Lindsey Sporrer (USC Gould School of Law) – “Entrepreneurial Spirit” Law School Scholarship, 2019 ($1,250) – For her Facebook-style ad about lemon law. Sporrer is excited to be currently working as a legal clerk for a Los Angeles-based law firm. “I’m working on a case slated to go to trial in the fall,” she said. “My business degree really helped me understand how all of the pieces of the case fit together.”
Feruza Legass (Hampton College) – “Entrepreneurial Spirit” $1,250 Undergraduate Scholarship, 2019 ($1,250) – For her Facebook-style ad and caption on debt collection. “[The scholarship] means so much to me because I’m the first in my family to go to college,” she said. “I’m the first of four, and what I want to do – go far away and go to law school – is difficult for my parents. Getting this help is really important to me because it makes it easier on them.”
Sead Muradbegovic (College of Idaho) – ‘“Land of Opportunity” College Scholarship, 2018 ($1,250) – For his essay comparing the different ways that a person’s right to work is approached in the United States and in Slovakia, the country of his birth. “I applied to the scholarship because I have a deep passion for law, and because I hold a deep curiosity for better understanding the development and application of law, especially on the international level,” he said.

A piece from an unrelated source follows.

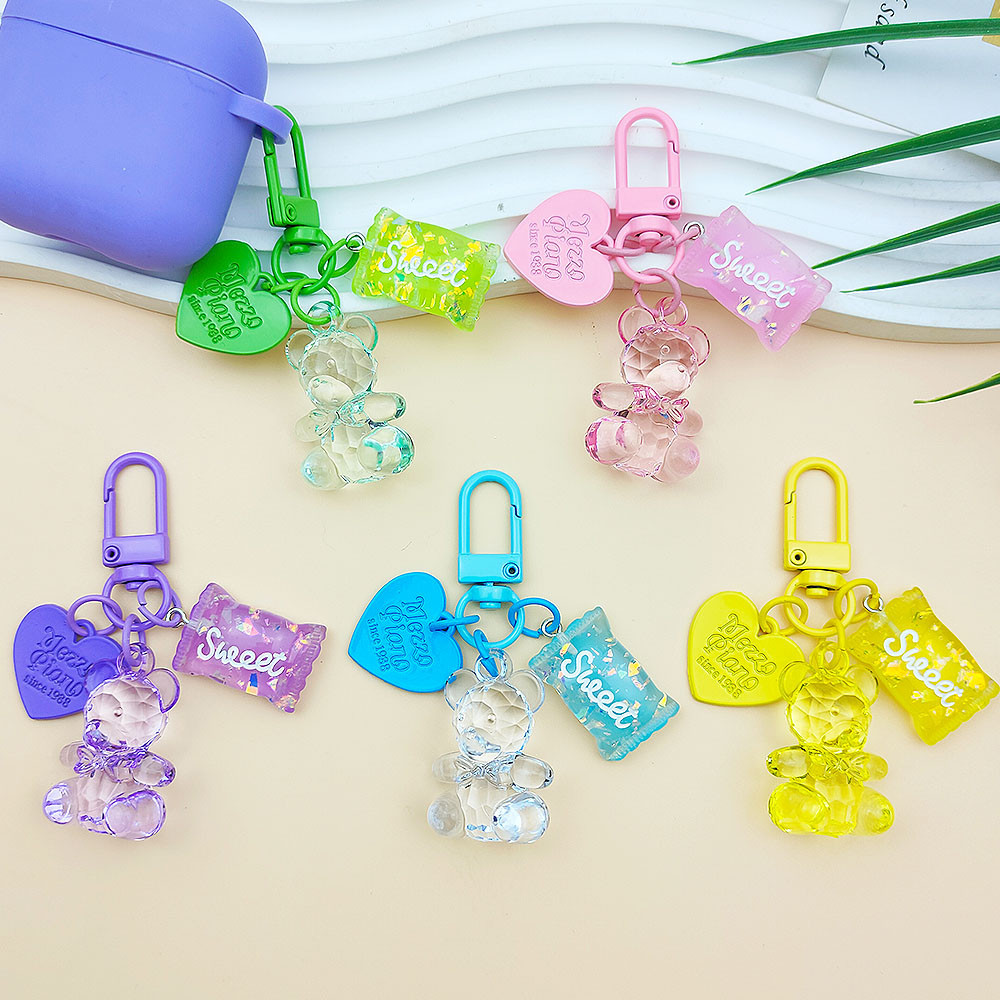 Kawaii การ์ตูนหมีพวงกุญแจอะคริลิคหัวใจหวาน Candy Shape Keyrings กระเป๋าถือเครื่องประดับอุปกรณ์เสริมของขวัญเพื่อนเครื่องประดับ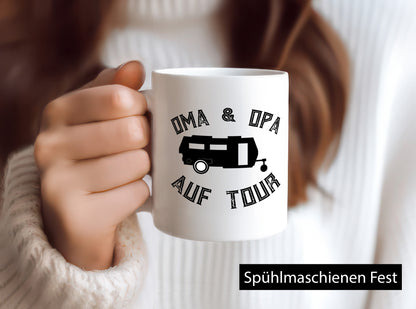 Oma &amp; Opa auf Tour | Großeltern| Reisen lustiger Spruch Geschenk Familie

Aditi Deal (University of Houston) – “American Dream” Law School Scholarship, 2018 ($1,250) – For her essay comparing lemon law in India, her country of origin, and the United States, where she is now a citizen. “I was so excited and honored to receive the scholarship, she said. “Law school is an expensive endeavor, and every dollar that contributes is beyond helpful.” She added. “To win a scholarship that highlights my immigrant background was especially meaningful.”
Ty Stewart (Northwest Missouri State University) – Lemberg Law “Stop Collector” Scholarship, 2016 ($1000) – For his essay proposing legislation that might prevent or stop aggressive and abusive debt collectors. “I’m from an area that lacks wealth,” he said. “In my area, getting a scholarship means more of an opportunity to pursue higher education.” While he’s excited about studying all aspects of the law, he said, “I especially like the agricultural and real estate aspects of law.”
Timothy Catron (Arizona State University) – Lemberg Law “Stop Cell Phone Robocalls” Scholarship, 2016 ($1000) – For his essay illustrating that cell phone robocalls need to be regulated because they are an invasion of privacy. He posited that cell phones are personal, your private number is yours alone, and unwanted callers do not have a right to your number. He initially submitted a tweet about cell phone robocalls, and was among ten finalists selected to write an essay about the topic.
Aiko Hassett (Middlebury College) – Lemberg Law “Stop Debt Collection Harassment” Scholarship, 2016 ($1000) – For her stop-motion animation outlining the perils of debt collection harassment. Aiko, who was living in Tokyo prior to entering Middlebury College, also composed and sang an original song for the video’s soundtrack. Upon hearing about her win, she said, “Thank you very much for this wonderful news! I certainly had a lot of fun making that video.”